Tech V / Core ships have been added to;
http://arcengames.com/communitywiki/index.php?title=Relative_Ship_Strength
Tables showing the results of inter tech level battles have been added to a separate page;
http://arcengames.com/communitywiki/index.php?title=Inter_Tech_Level_Relative_Ship_Strength
I separated them because I felt that the original page would become too unwieldy.
Nice! That's looking really, really good.
x4000 - Thanks for allowing us to generate the xml file!
You bet!
The data show a few unusual results, notably things such as Anti-Armor IIIs should annihilate Anti-Armor IVs - whether this is accurate or not I haven't tested.
One thing I should mention, regarding that -- the relative strings DO include the relative ship caps. So in other words, the simulation would pit perhaps 3 vampires against 10 cruisers and give you the results, or 3 vampires against maybe 30 lazer gatlings, etc. That tends to give you reasonable results based on if you split your fleets up by pure percentages, but then if you group more (100% of your vampires all in one place, etc), then you can get really different results based on rates of fire and recharge, tactical positioning, combinations of ships, etc. So, while these numbers are very accurate in a certain sense, they also don't tell the full story. A very skilled player can use even a weaker ship type in a much more effective manner than the raw numbers might indicate.
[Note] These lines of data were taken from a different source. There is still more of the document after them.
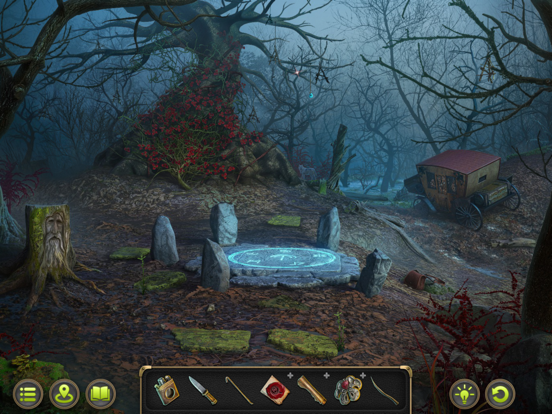 Mystery Detective Adventure screenshot 4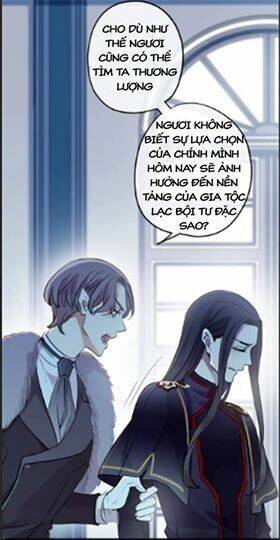 Vết Cắn Ngọt Ngào 2 Chapter 30 - Trang 2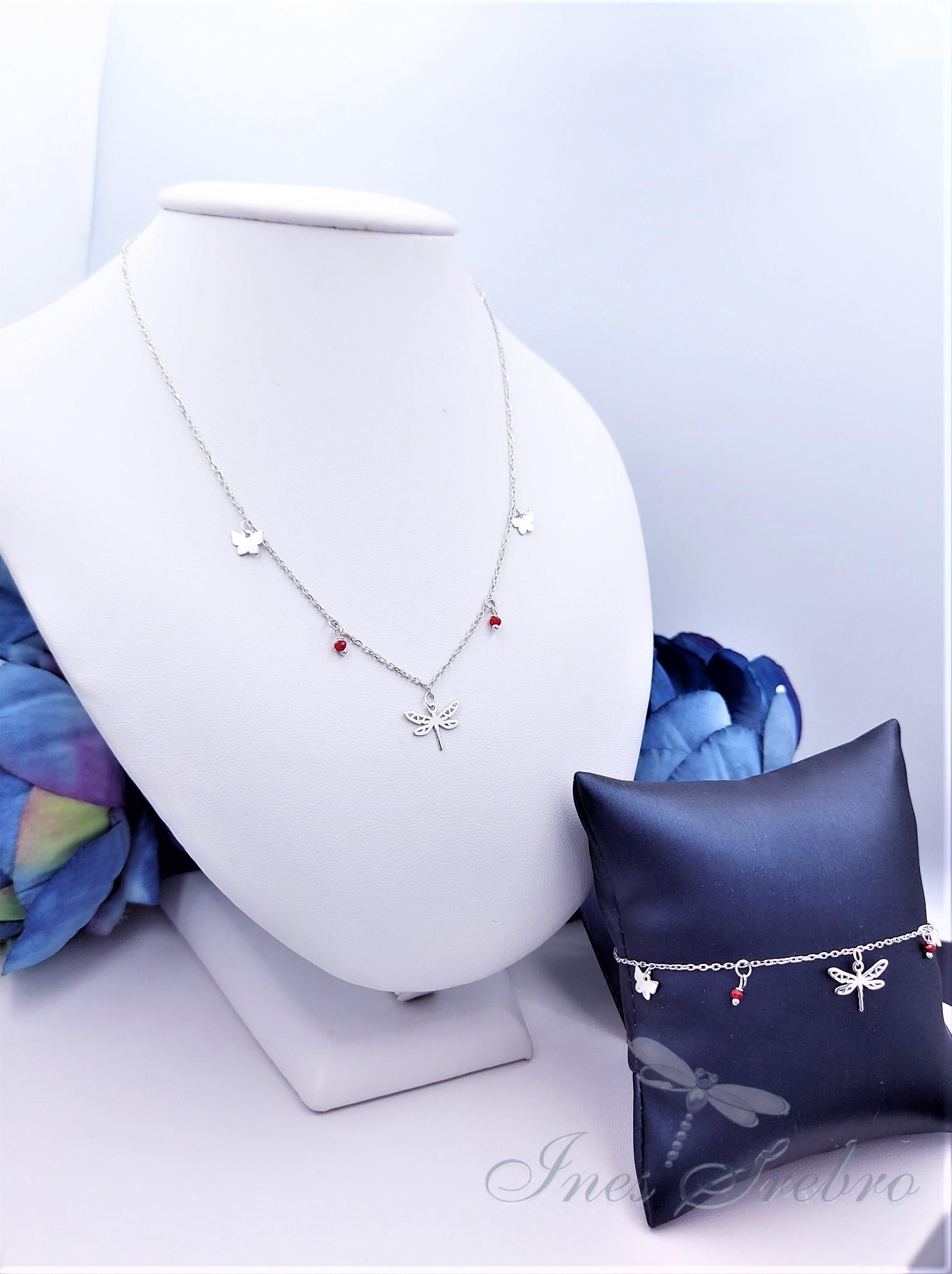 073 rodowany komplet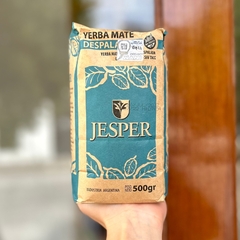 YERBA JESPER - CUBA ALMACEN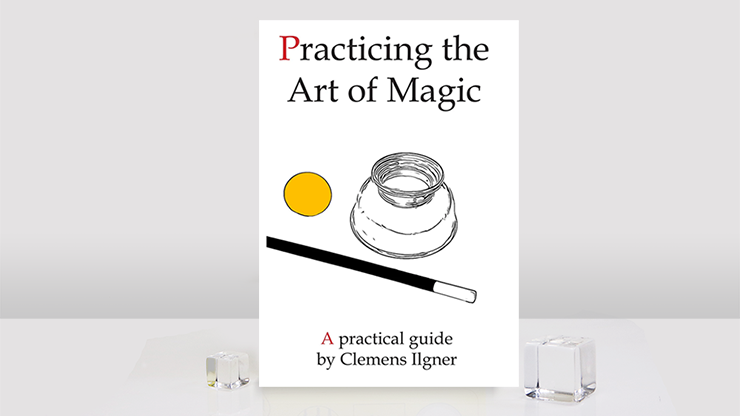 Practicing the Art of Magic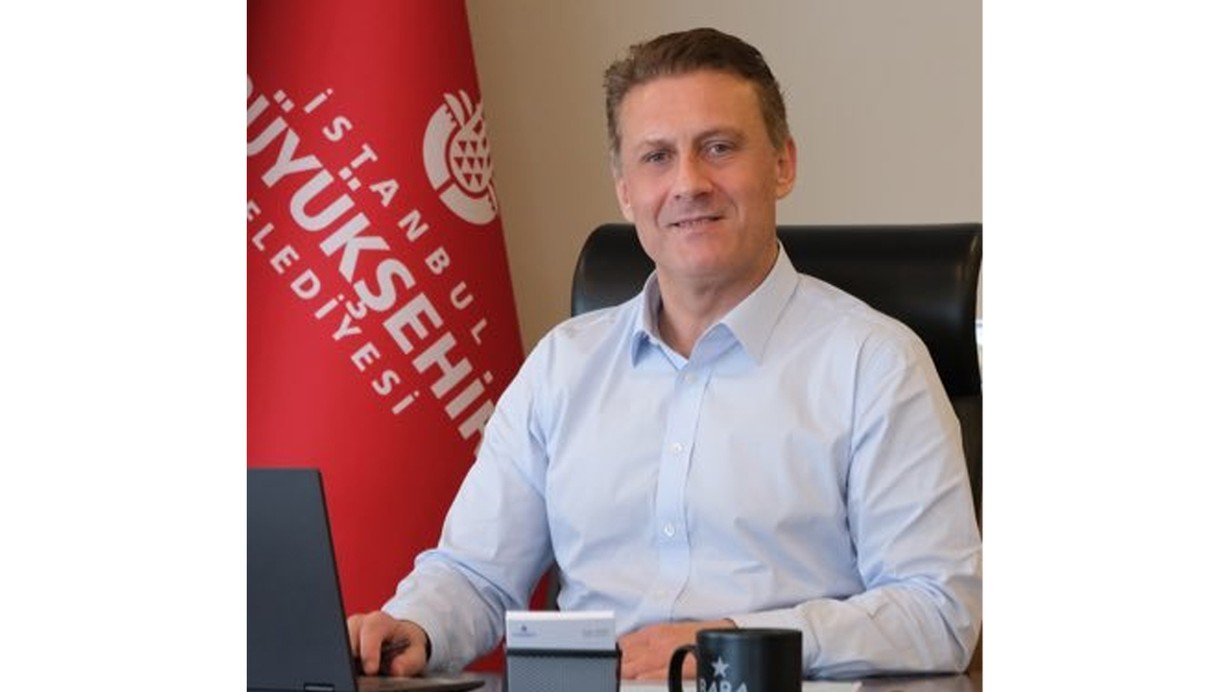 İBB soruşturmasında gözaltına alınan Ertan Yıldız kimdir?
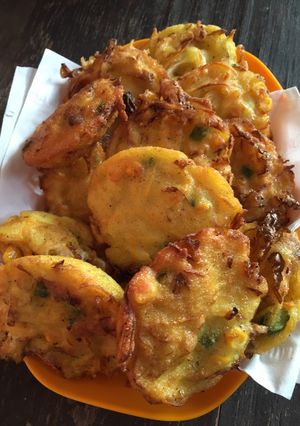 Foto resep Bakwan ala UtyKirana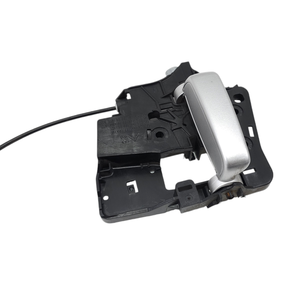 POIGNÉE INTÉRIEURE ARRIÈRE DROITE PEUGEOT Partner Tepee 9682100677 (08>) - Product Image 6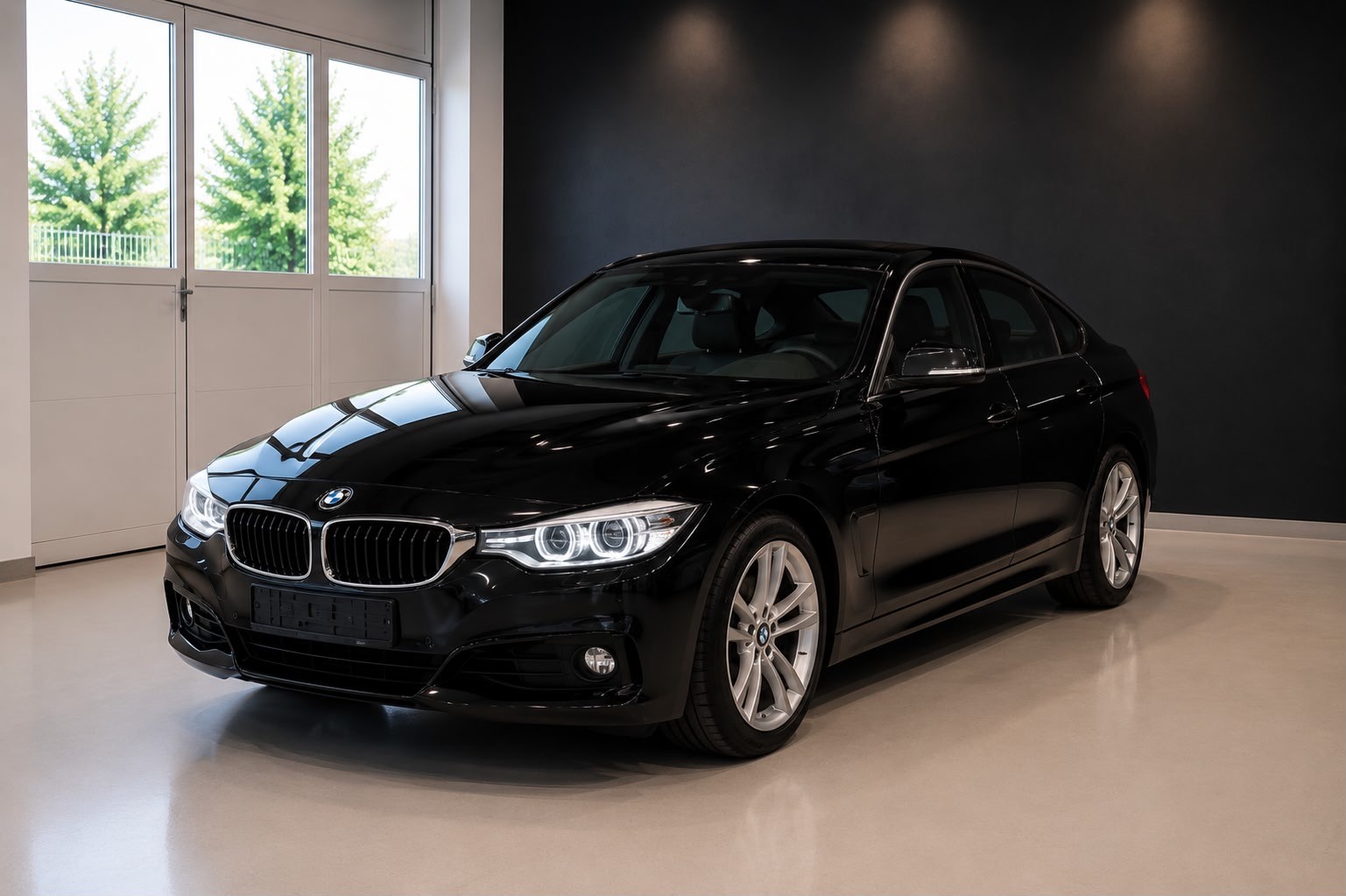 BMW 328i GT xDrive Sport Line Steptronic-image-5
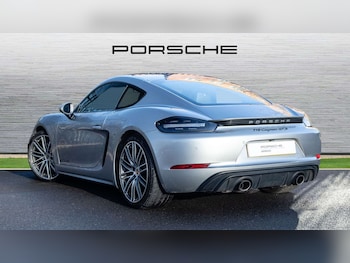Used Porsche Other 2023 for sale - 77219784: Photo
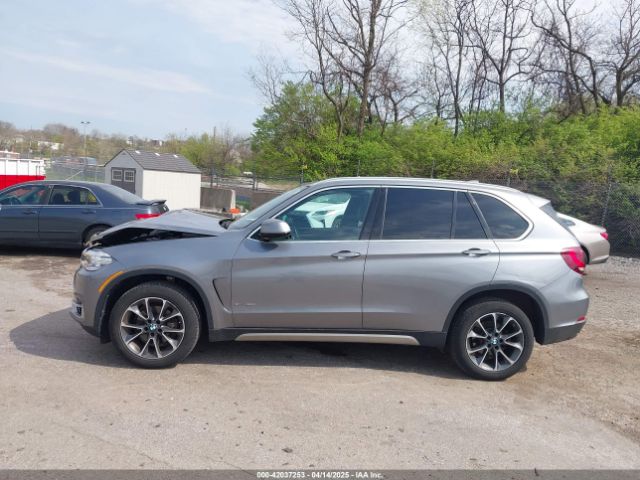 5UXKR0C51J0X95114 BMW X5 Xdrive35i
As for the higher-level ships, those all have a slightly reduced ship cap compared to their lower-level versions. So it might be 9 Mark IV anti-armors against 10 Mark IIIs, or something along those lines. When the ships are powerful enough against themselves to one-shot each other or nearly so, then the raw numbers will carry the day in terms of the Mark III anti-armors against Mark IVs. The ships are not made for primarily fighting against themselves, however -- the extra bonuses and such of the Mark IV anti-armors make them a lot stronger against the ships they are designed to fight against, namely the armors and the other ships of that sort.
Additionally, with a few of the ship types one of the bonuses of the higher ship levels is a better cost-to-benefit ratio. So, in most of the ships that means that the benefits go up a lot, and the costs go up not quite as much, but in the case of a few ships that means the cost stays the same or even goes down a little (I can't think of an example off the top of my head, but I seem to recall one like that), while the benefit only goes up maybe %5 or 10%. These charts include relative strengths and ship caps, but the economic side of things is not taken into consideration with them. So that can also be a factor in giving some slightly strange-looking results when you look at this one dimension of ship performance.
That's the important thing to remember with these charts, overall. I actually went through a ton of iterations over months with this, trying different metrics and metric combinations in order to arrive at results that were as meaningful as possible. This is what I arrived at, but it's still just showing a few dimensions out of a multidimensional data set. Plus, there's that whole strategy tactics aspect that can really affect performance of the ships for better or for ill.
One thing I'd love to see sometime in the future, and which I think would be helpful for a lot of players, is advice on a per-ship-type basis. Clever ways in which players are using ships, or maneuvering ships, to get the best results. I've included a fair bit of that already in the official wiki, but that's just my own playstyle and I know I haven't thought of nearly everything. So when people come up with things that they think are particularly cool or effective, I'd love it if they would share, either here on the forums or else in the community wiki. I think those will tell the true stories of the ship strengths, but from a raw numbers standpoint these charts you've organized provide a great way to look at it. Much more easy to parse than my original xml!